General characteristics
- Class & type: Achelous-class repair ship
- Displacement: 4,100 long tons (4,166 t)
- Length: 328 ft (100 m)
- Beam: 50 ft (15 m)
- Draft: 14 ft (4.3 m)
- Speed: 12 knots (14 mph; 22 km/h)
- Complement: 253 officers and enlisted men
- Armament: 8 × 40 mm cannon; 8 × 20 mm cannon;

= USS Poseidon (ARL-12) =

1944 Achelous-class repair ship

USS Poseidon (ARL-12) was one of 39 Achelous-class landing craft repair ships built for the United States Navy during World War II. Named for Poseidon (the Greek god of the sea), she was the only ship U.S. Naval vessel to bear the name.
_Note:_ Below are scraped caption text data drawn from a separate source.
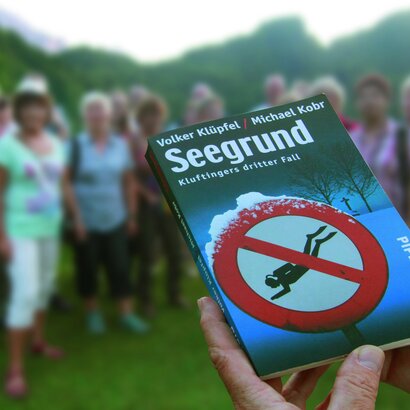 Das Bild zeigt eine Hand im Vorgergrund, die das Buch des Krimiromans "Seegrund" hält. Im Hintergrund ist eine kleine Menschengruppe zu sehen die vor dem Ufer des Alatsees steht und gebannt zusehen. 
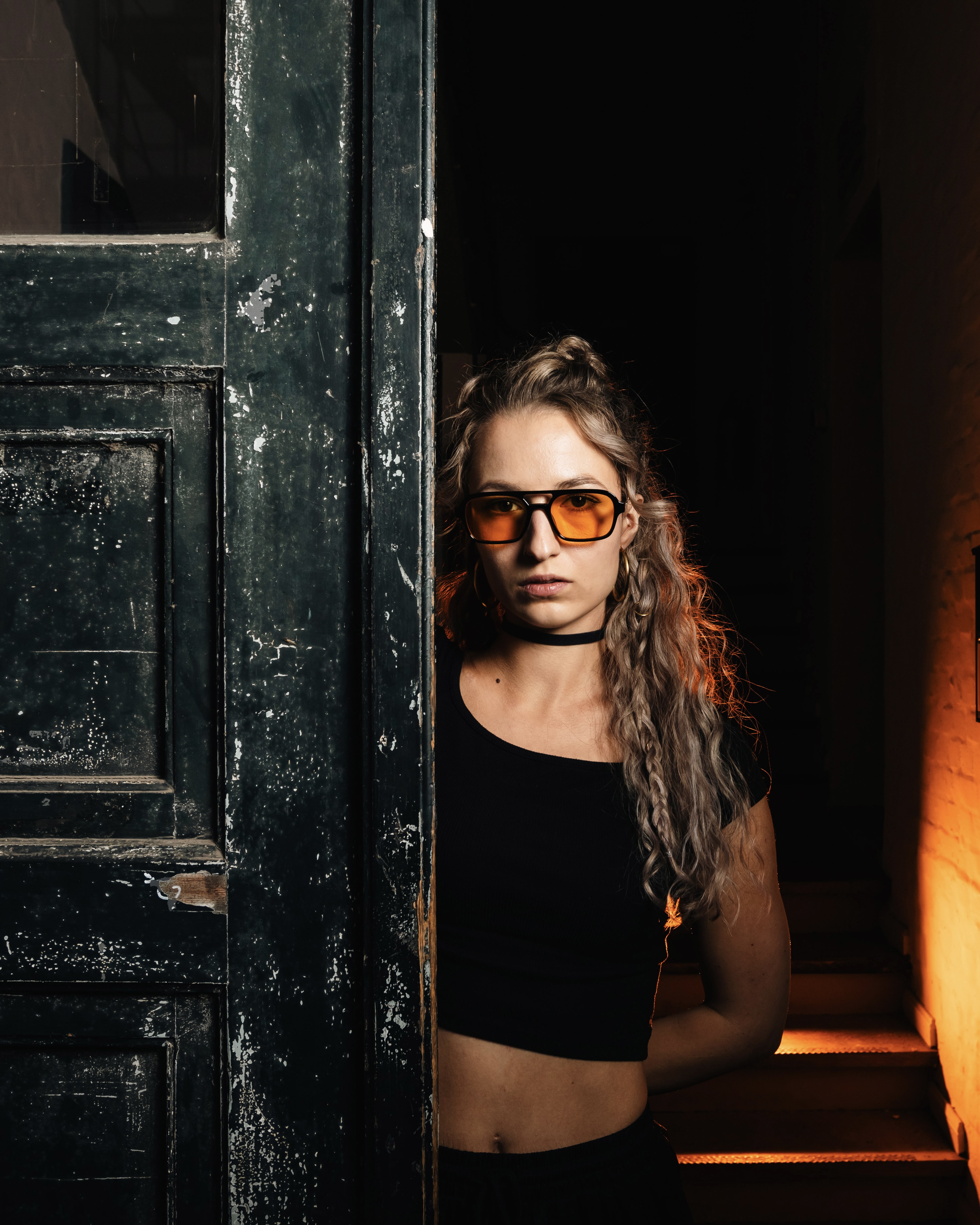 Tommahawk mit Sonnenbrille lehnt an einer Eingangstür
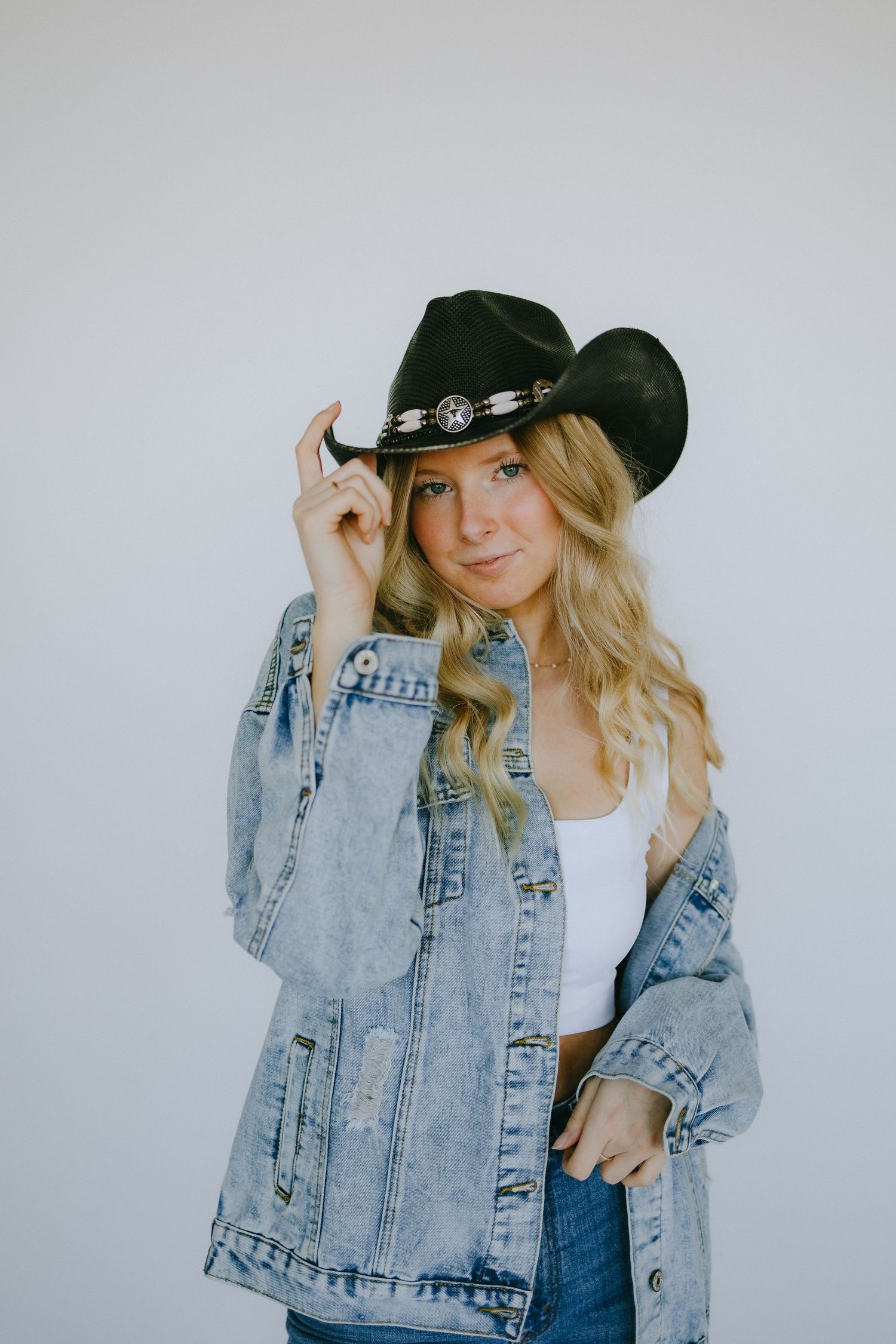 Western-inspired fashion portrait with denim jacket and black cowboy hat.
Her keel was laid down as LST-1037 by the Boston Navy Yard in Boston, Massachusetts, on 10 July 1944. She was renamed Poseidon and given hull classification symbol ARL-12 on 12 June 1944; launched on 24 August 1944; sponsored by Mrs. Nora T. Twomey; and placed in reduced commission on 22 September 1944. Following initial commissioning, Poseidon steamed south to Baltimore, Maryland, where she decommissioned and completed conversion to a landing craft repair ship. Commissioned in full 13 February 1945, she completed shakedown in Chesapeake Bay and, assigned to ServRon 10, sailed for Ulithi, thence, in early June, to Okinawa. There, at Kerama Retto and at Buckner Bay, she repaired landing and patrol craft until the cessation of hostilities. Ordered back to the United States after World War II for inactivation, she decommissioned on 30 November 1946 and was berthed with the Columbia River Group of the Pacific Reserve Fleet. She remained a unit of that group until struck from the Naval Vessel Register on 1 July 1961.

She was sold 3 November 1961 to the Marine Power and Equipment Company of Seattle, Washington. Her final fate is unknown.